A newborn manatee calf nurses from his mother in the Three Sisters Springs in Crystal River, FL.

The minute the boat arrived at the Three Sisters Springs, I was a little horrified by all the boat traffic that was surrounding the manatees; but despite my anger about the heavy boat traffic in that single area, I had to remind myself that I did not come there to get angry over the large number of boats and people in a manatee habitat and enjoy the manatees and nothing more. After plunging into the spring, I approached a juvenile that was feeding near a mangrove. I just stood there and just watched him eat at the bottom of the spring for like a few minutes before I found myself getting shoved around by other swimmers which spooked the manatee off.  Meanwhile, I was shoved so far away into the spring, that I ended up finding myself among a mother and a calf pair. Although the pair were not swimming, they resting at the bottom of the shallow spring while the swimmers circled them in their surroundings. Up until that point, I had never seen a manatee nurse from it’s mother before so, seeing a newborn calf nurse his mom out in the wild for the first time was such a sight to see. After watching the baby manatee nurse, I continued my exploration of the shallow spring by swimming around  before coming across an entire colony of manatees resting at a deeper side of the spring.  So, I decided  to just spend the rest of the morning just observing the resting manatees in the deep end. As I observed the resting animals, one animal began to role on his back while another animal left the deep end to join up with other nearby colonies.

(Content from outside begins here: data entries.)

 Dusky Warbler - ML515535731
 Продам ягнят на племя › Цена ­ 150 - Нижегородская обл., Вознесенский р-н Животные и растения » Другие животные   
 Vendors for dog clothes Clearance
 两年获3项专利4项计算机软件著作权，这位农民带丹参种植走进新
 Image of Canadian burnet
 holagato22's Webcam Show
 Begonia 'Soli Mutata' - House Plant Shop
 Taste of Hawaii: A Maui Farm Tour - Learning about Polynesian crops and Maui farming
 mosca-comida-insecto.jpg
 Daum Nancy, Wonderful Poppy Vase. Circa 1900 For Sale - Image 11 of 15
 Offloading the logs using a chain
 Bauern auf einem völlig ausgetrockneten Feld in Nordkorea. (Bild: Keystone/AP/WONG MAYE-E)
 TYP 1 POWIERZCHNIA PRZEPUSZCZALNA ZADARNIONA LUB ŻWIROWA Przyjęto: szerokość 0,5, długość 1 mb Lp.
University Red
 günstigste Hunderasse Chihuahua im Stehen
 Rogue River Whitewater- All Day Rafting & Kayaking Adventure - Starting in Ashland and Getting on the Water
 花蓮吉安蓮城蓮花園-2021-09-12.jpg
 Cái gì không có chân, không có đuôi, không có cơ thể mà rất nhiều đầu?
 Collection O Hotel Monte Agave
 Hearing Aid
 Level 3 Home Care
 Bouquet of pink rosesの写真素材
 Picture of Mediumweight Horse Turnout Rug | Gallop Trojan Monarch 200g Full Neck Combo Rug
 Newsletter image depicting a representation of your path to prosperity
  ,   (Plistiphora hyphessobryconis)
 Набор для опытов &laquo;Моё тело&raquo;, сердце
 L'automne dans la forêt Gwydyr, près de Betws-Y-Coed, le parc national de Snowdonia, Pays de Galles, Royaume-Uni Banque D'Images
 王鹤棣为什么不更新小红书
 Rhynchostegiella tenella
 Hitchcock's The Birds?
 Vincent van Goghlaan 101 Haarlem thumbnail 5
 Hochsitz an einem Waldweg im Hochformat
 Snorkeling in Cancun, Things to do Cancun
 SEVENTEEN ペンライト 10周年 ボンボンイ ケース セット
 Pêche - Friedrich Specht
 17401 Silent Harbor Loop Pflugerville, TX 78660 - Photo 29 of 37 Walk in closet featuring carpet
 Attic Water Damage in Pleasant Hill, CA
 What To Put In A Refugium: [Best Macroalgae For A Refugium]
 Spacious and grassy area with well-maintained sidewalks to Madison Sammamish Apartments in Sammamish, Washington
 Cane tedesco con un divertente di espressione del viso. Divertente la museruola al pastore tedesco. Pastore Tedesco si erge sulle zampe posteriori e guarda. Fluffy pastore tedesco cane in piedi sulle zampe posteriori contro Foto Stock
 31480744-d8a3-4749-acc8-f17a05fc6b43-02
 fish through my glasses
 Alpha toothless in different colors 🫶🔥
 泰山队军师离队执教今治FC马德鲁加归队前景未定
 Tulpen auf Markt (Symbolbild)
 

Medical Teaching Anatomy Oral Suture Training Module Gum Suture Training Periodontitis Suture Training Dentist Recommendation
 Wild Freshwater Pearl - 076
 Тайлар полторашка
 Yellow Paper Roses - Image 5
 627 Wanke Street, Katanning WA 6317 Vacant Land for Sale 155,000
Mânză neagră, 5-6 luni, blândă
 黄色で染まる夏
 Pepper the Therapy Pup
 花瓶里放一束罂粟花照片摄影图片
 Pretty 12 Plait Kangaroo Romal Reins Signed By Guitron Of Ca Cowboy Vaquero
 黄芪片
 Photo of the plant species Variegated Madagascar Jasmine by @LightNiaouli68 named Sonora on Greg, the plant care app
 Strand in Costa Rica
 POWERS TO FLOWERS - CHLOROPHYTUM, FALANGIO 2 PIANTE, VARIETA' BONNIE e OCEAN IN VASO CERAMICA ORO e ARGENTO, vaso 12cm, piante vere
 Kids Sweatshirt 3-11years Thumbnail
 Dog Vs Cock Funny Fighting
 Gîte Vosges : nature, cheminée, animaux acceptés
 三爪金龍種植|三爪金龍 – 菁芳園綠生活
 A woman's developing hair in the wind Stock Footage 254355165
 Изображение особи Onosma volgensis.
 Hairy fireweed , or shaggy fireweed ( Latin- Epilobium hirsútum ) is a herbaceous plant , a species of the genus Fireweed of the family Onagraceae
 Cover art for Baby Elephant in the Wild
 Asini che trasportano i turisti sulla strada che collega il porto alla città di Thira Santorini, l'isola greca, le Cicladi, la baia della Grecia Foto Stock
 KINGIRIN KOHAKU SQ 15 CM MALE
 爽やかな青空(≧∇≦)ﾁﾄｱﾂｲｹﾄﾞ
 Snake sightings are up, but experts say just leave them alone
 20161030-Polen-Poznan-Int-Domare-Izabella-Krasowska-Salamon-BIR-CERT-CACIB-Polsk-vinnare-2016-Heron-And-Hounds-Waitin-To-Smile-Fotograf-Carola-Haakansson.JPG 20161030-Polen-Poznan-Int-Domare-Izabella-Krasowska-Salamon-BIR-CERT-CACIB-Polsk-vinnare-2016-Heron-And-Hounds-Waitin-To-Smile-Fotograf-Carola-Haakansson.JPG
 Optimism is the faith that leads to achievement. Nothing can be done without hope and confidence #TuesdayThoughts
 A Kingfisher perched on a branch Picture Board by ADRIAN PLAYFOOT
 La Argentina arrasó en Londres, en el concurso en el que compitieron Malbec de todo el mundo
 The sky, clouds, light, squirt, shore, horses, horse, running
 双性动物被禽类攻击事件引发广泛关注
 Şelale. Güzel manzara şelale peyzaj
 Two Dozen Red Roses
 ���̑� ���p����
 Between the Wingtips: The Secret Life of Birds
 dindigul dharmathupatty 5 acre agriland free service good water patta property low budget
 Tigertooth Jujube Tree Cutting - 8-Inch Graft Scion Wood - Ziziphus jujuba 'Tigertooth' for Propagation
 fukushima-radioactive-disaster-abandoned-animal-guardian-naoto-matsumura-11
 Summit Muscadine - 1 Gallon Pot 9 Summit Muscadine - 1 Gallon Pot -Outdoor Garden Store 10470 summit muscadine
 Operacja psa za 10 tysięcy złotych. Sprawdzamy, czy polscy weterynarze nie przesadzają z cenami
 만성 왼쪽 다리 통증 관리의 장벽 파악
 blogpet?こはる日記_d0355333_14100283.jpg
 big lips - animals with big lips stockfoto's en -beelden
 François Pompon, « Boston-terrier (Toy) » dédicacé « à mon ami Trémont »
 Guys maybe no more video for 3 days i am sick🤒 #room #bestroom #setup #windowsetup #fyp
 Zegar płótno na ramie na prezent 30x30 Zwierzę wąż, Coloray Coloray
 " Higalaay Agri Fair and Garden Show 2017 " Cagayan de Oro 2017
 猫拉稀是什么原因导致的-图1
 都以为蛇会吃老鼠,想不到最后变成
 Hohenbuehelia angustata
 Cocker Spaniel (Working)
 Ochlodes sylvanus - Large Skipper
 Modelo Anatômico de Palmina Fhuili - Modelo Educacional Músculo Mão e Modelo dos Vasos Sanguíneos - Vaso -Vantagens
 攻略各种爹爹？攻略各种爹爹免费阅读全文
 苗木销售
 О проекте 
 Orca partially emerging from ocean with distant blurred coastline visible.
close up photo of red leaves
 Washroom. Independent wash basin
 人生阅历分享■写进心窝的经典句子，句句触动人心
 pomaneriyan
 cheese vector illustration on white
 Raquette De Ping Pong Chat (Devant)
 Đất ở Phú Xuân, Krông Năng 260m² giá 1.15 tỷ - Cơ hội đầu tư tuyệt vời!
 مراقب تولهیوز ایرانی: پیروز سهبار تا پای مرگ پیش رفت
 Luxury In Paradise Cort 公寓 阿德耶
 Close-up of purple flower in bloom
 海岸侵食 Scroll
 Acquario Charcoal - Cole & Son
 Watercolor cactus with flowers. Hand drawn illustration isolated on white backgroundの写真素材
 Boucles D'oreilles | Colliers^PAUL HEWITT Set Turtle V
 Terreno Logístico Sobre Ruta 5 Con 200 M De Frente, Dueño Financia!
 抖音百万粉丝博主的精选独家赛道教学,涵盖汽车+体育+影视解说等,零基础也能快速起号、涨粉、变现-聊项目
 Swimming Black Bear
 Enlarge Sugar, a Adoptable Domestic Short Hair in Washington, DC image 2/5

An adult manatee rolling on the sand at the bottom of the Three Sisters Springs in Citrus County, FL.

When the time did come to leave the spring and return to the boat in order to return to the dive shop, my group and I witnessed a group of manatees getting startled in an off-limits area by thrashing their bodies around the entire netted area like crazy. I wondered what the animals where thinking when they were thrashing around like that. Was it because they got spooked by the large number of people swimming around their habitat? Was it a sign of play? Or Where they just fighting? I don’t know what the thrashing manatees where thinking when they just started splashing like that and I guess we may never know because we can’t directly read their minds; however, I can safely assume it was likely a sign of aggression between two or more animals fighting over the right to mate with breeding females because after all, this was the time of year when the manatees breed. Overall, it was just a great experience swimming with wild manatees and I hope I get that chance again one day.

Rules regarding how to legally swim with wild manatees

  1. While you can float near the manatees, do not make too much noise like splashing or trending water because that can scare the manatees away. Remain quite as possible
  2. do not enter any manatee sanctuaries that are marked and roped off from the public.
  3. Let the manatee come to you. There is no need to chase them around like cattle in any shape or form and that’s considered harassment under the Marine Mammal Protection Act. However, if the manatee wants to be petted, feel free to rub the animal as long as you manage to give them space for them to swim on. Do not pet mothers with nursing calves.
  4. Never ever try to separate a mother from her calf because a manatee calf needs it’s mother to teach it all the necessary survival skills it would need in order to survive into adulthood.
  5. Never feed or give manatees water.
  6. Do not ride the manatees.
  7. If you choose to observe the manatees underwater, only use snorkeling gear from the surface.
  8. If you come across sleeping manatees, just let them be.
  9. Do not videotape manatees without written permission from the Fish and Wildlife Service. This should only be used for scientific and educational purposes.
  10. Use non-flash-able cameras when taking pictures of the manatees because flash can harm a wild manatee
  11. If you see a sick, orphaned, or injured manatee during your swim session, please have your instructor call wildlife officials immediately.

I hope these rules will help you  have a great manatee swim experience. Have a great evening everyone.